(Data for review):

────────────────────

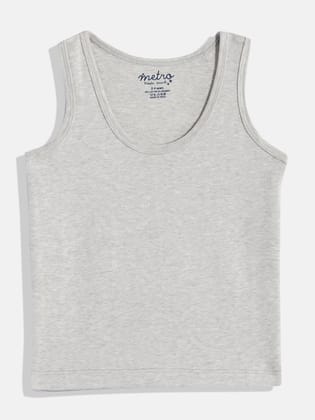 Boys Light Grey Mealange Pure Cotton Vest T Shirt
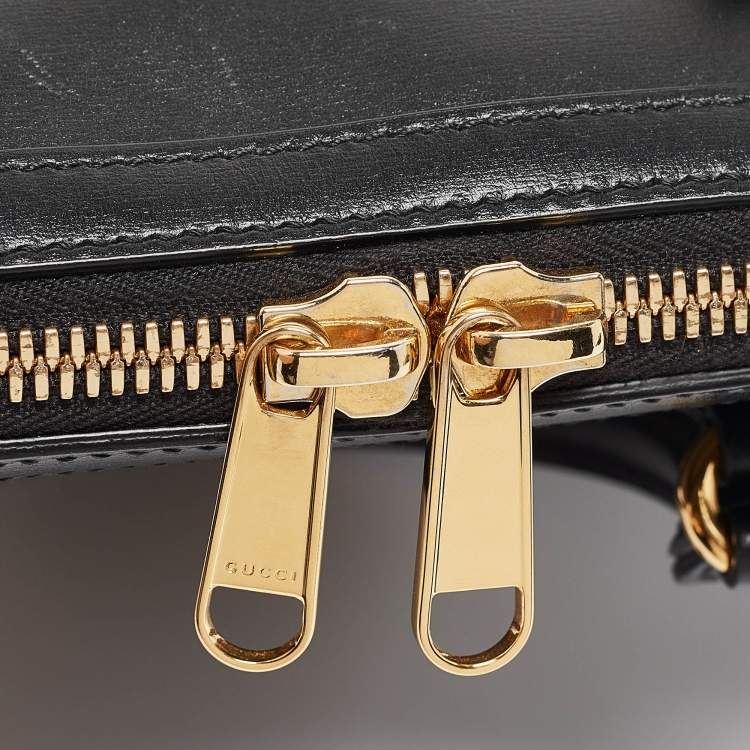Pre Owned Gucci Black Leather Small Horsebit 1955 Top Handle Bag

────────────────────

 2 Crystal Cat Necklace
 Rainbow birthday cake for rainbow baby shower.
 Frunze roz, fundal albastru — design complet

────────────────────

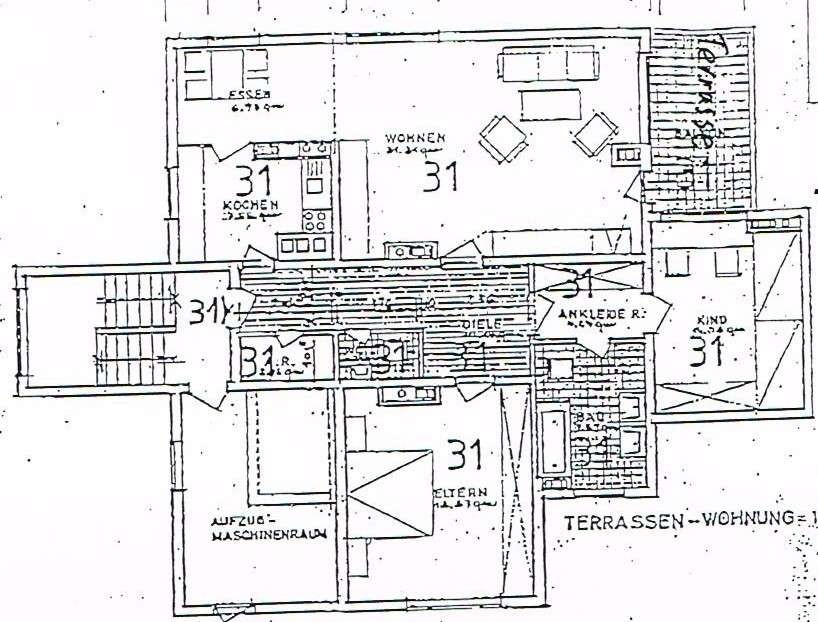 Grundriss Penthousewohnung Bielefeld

────────────────────

(Instructions for the task): In the records above, copy exactly everything from the line that has "Boys Light Grey" down to the line that has "Pre Owned Gucci", both ends included, and leave out the pictures.

(Exercise solution):
 Boys Light Grey Mealange Pure Cotton Vest T Shirt
Pre Owned Gucci Black Leather Small Horsebit 1955 Top Handle Bag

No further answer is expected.